Semantic failures are scrutinized using implication relationships: non-equivalent outputs are classified as weaker (constraint widening), stronger (constraint tightening), or unrelated to the reference. As depth rises, the share of outputs with "no relationship" surges for general LLMs, whereas the SFT-based SVA Generator maintains lower rates, emphasizing its superior intent preservation. Directional implication errors provide actionable feedback for ongoing refinement of dataset composition and constraint rules.
Implications, Future Directions, and Theoretical Significance
This work isolates SVA generation from broader document-level understanding, enabling controlled, reproducible, and semantically robust evaluation. It demonstrates that AST-grounded, structurally constrained dataset construction is instrumental in overcoming both data scarcity and semantic drift—challenges unaddressed by previous LLM approaches in ABV.

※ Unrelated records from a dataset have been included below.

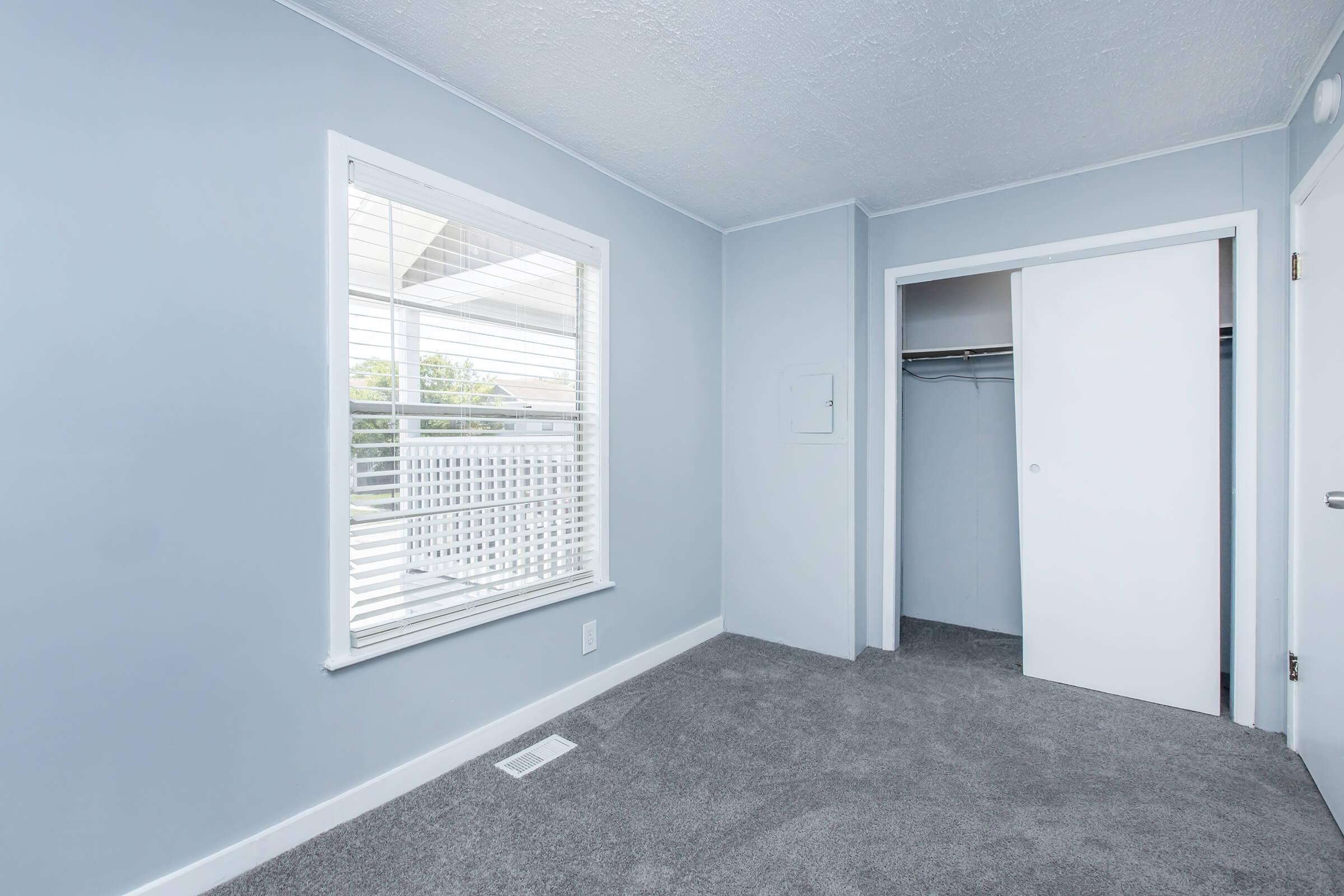 A light blue room with a window featuring white blinds. The room has gray carpet and a closet with sliding white doors on the right. Sunlight enters through the window, creating a bright and airy atmosphere.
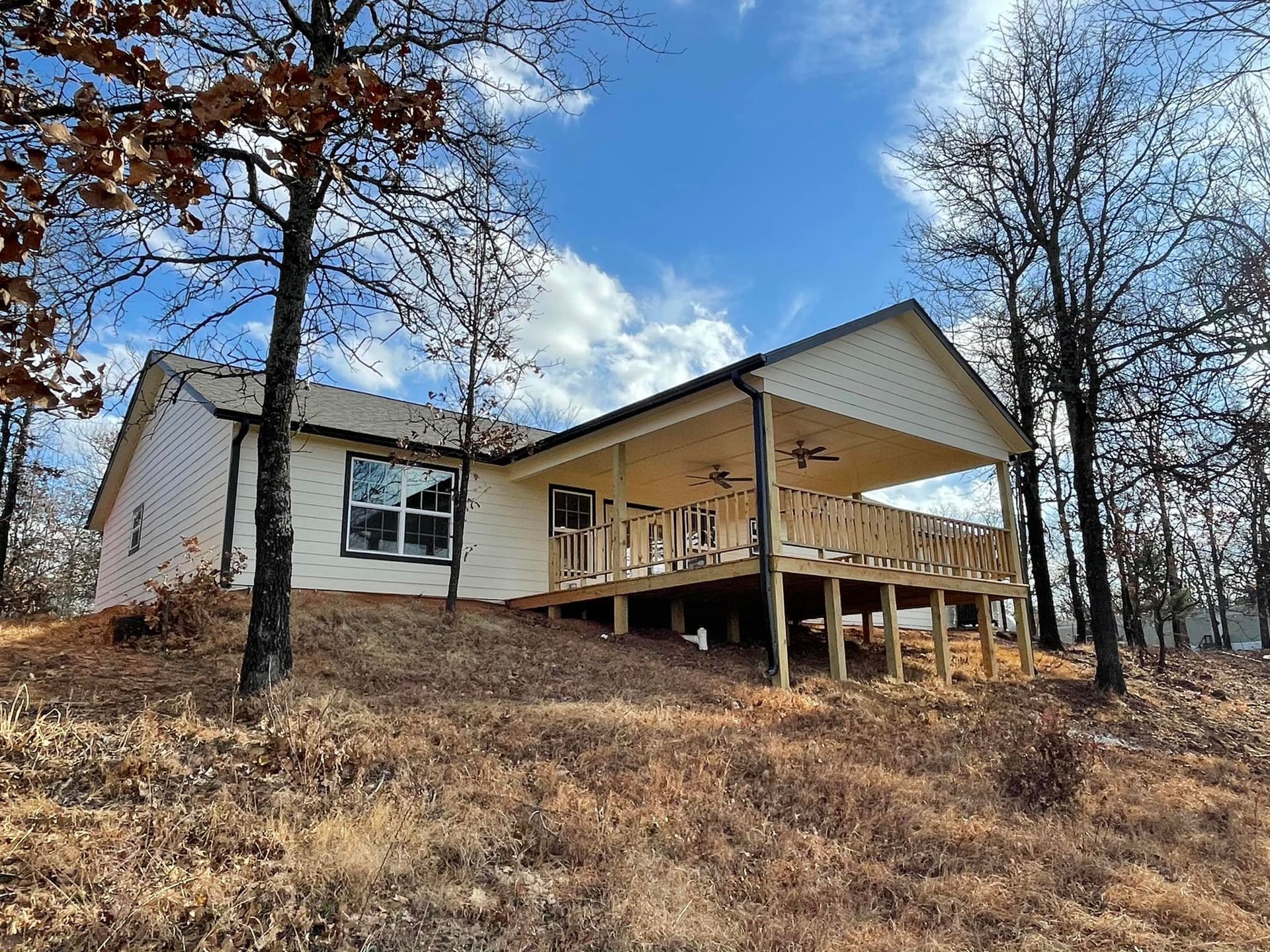 A white house with a large porch is sitting on top of a hill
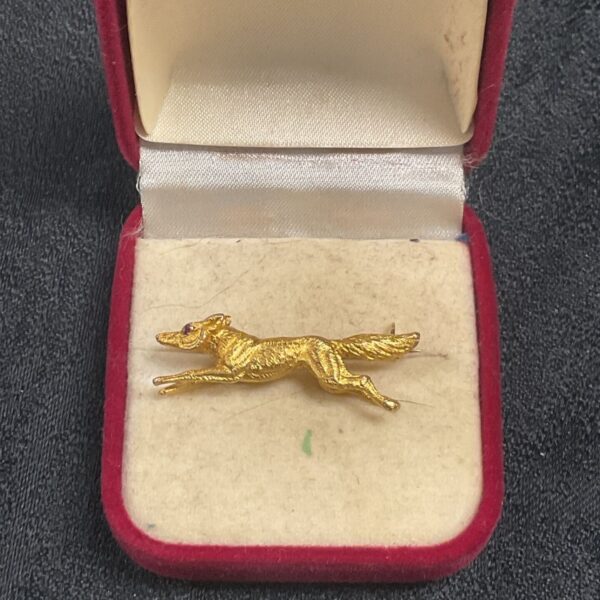 Vintage 9ct gold fox brooch with ruby eyes on display.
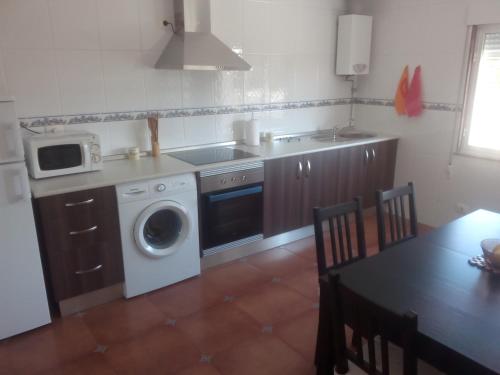 卡尔诺塔Apartamento Peralbar的厨房配有洗衣机和微波炉。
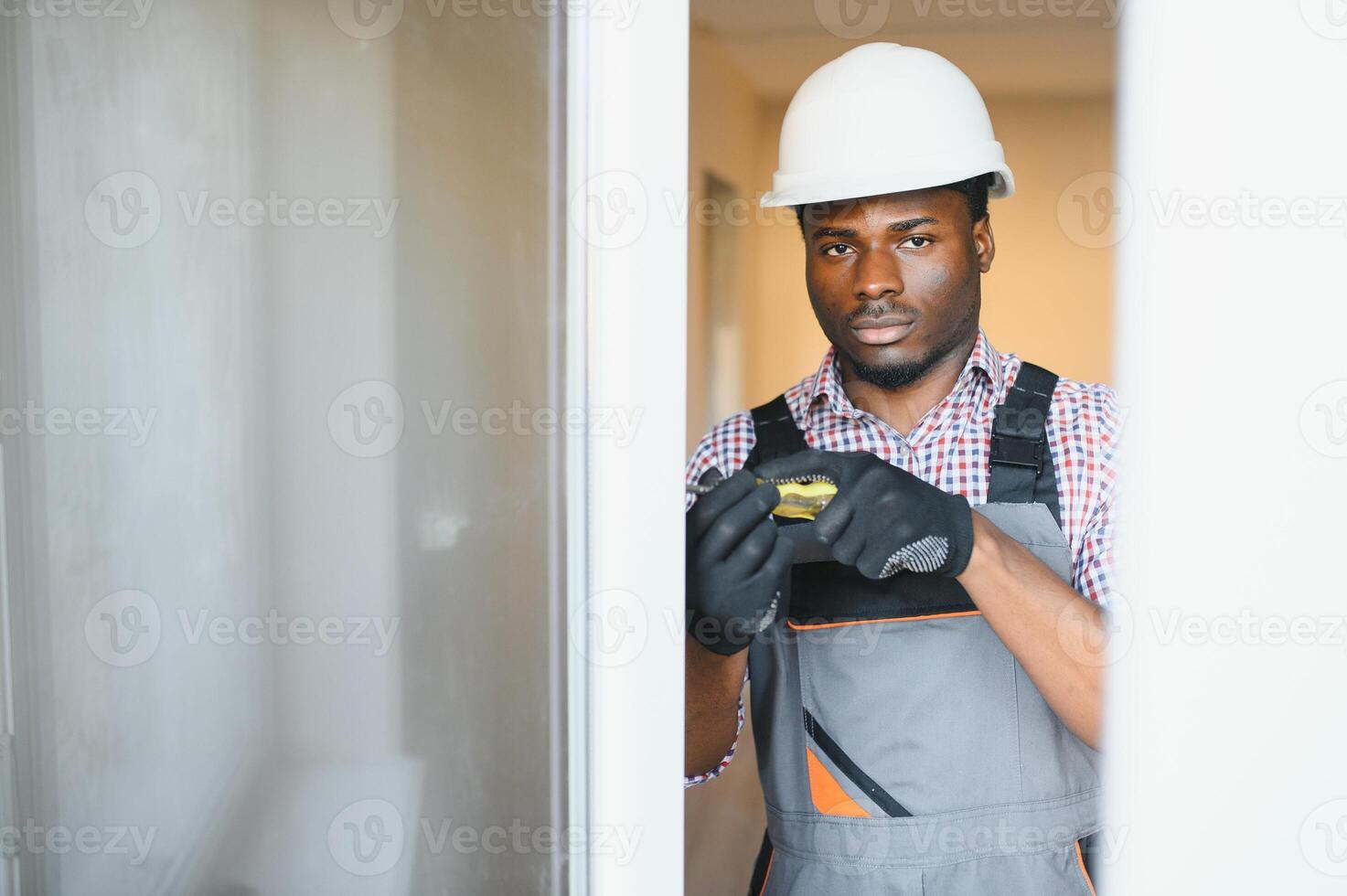 Close-up Of Young African Handyman In Uniform Installing Window photo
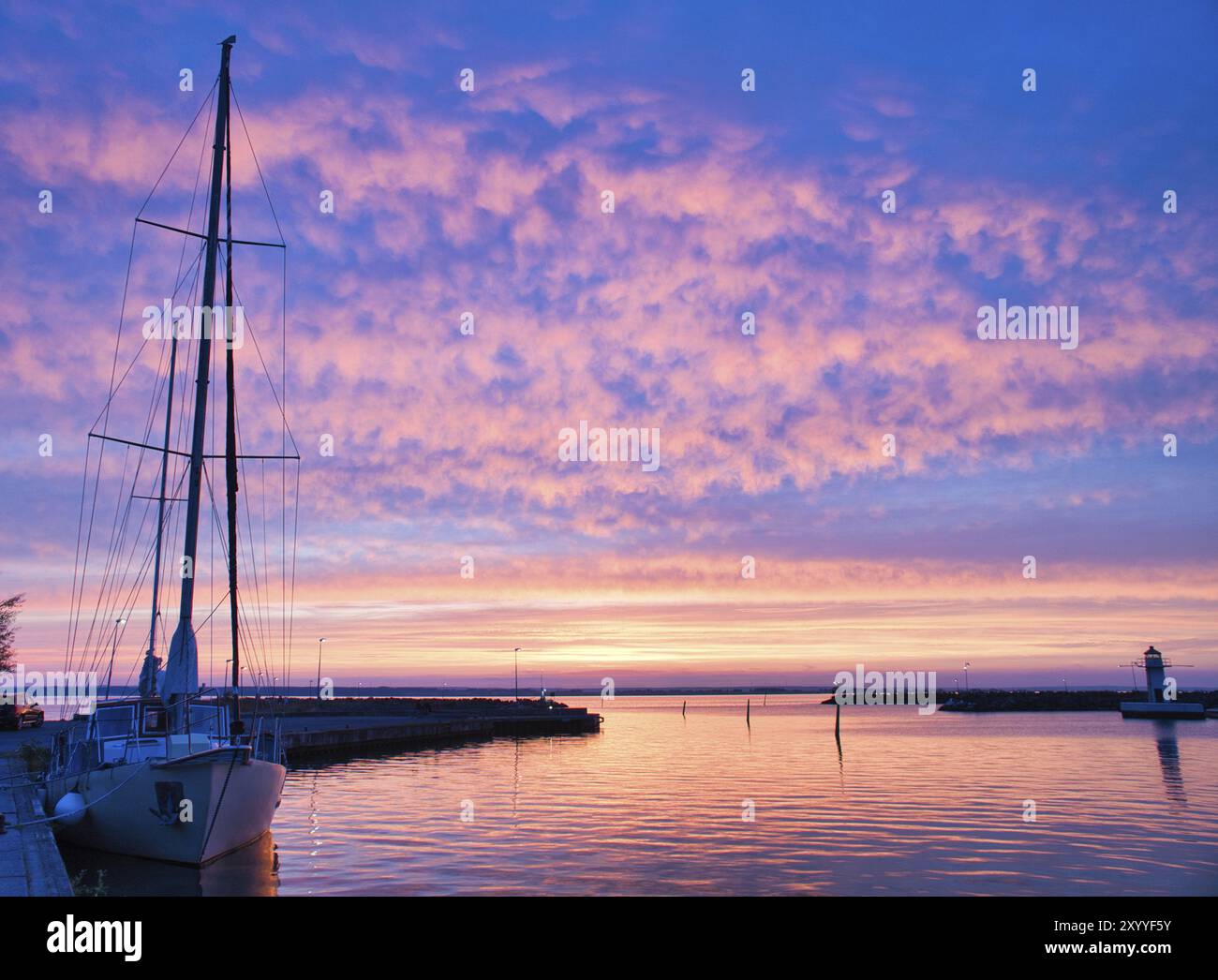 Sailing ship in the harbor of lake Vaettern at sunset. Lighthouse in ...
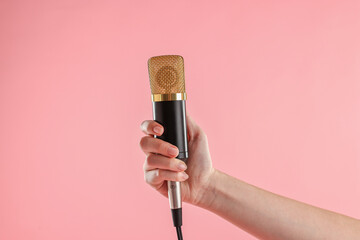 Woman with microphone on pink background, closeup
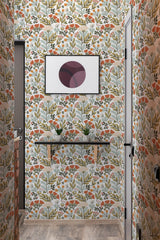 A room with walls covered in a traditional wallpaper pattern of stylized floral motifs in muted shades of orange, red, green, and gray on a cream background.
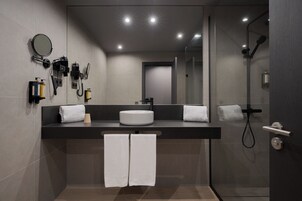 A modern bathroom with a round mirror, a white sink, and a glass-enclosed shower.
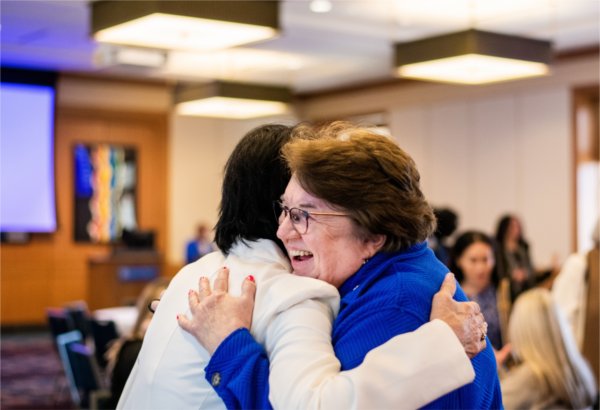 A university president and a faculty member hug. 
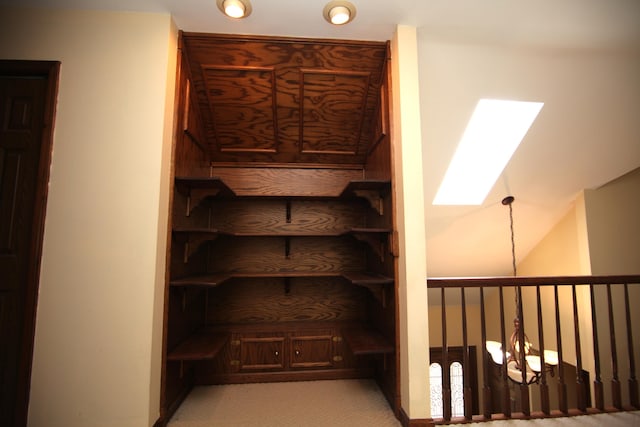 staircase featuring lofted ceiling with skylight, a chandelier, and carpet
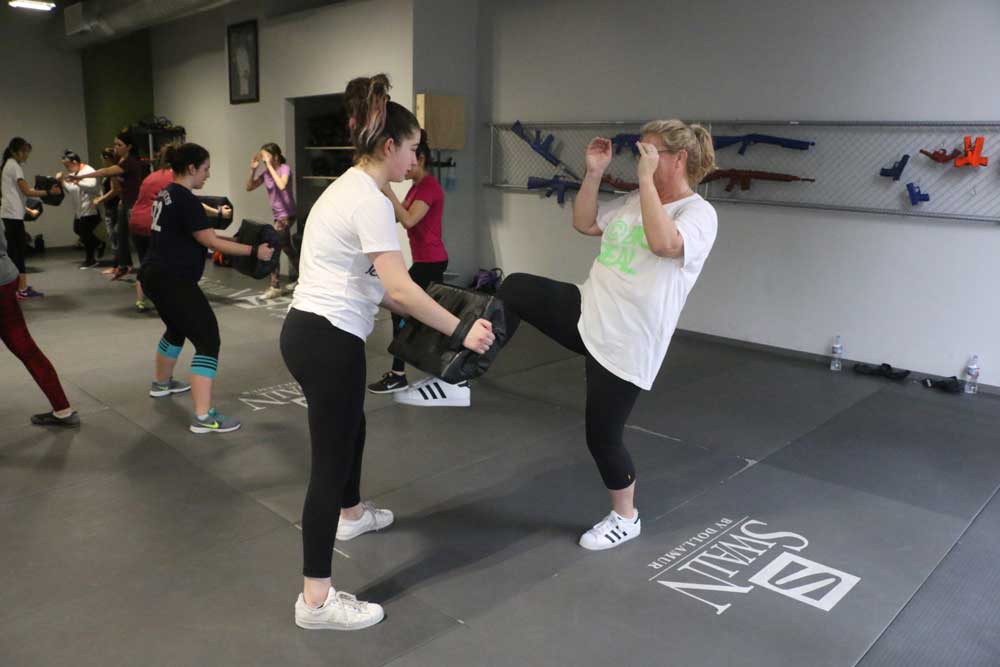 Women's self defense training kicks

Practically, the outlined framework enables scalable, reliable SVA synthesis directly from natural language, reducing manual verification overhead and lowering the expertise threshold for ABV adoption in industrial flows. The benchmark methodology—publicly releasing a depth-stratified suite with formal equivalence checking—sets a new standard for evaluation protocols in the field.
Theoretically, results support the hypothesis that temporal logic code generation, especially under strict semantic constraints, demands domain-structured supervision and fine-grained evaluation. The synthetic alignment of signals and operator structure through AST analysis provides a foundation for future extension to more complex verification languages and broader property synthesis tasks.
Anticipated future developments include expansion of the benchmark suite for broader language coverage, integration with retrieval-augmented LLMs for larger-context specification conditioning, and multi-agent protocols for end-to-end automation of ABV flows, encompassing coverage enhancement and automatic debugging. The findings advocate for increased emphasis on structurally constrained data construction and formal correctness in all LLM-augmented hardware verification research.
Conclusion
Automated SVA generation with LLMs is greatly advanced by the integration of AST-grounded dataset synthesis, SFT-based model specialization, and rigorously stratified semantic benchmarking. The demonstrated gains in SER, without trade-off in SPR, validate the necessity of formal property checking and constraint-driven annotation for high-assurance assertion generation. The proposed framework provides both a practical toolchain and a research platform for future study at the intersection of formal verification and LLM-driven code synthesis (2604.11044).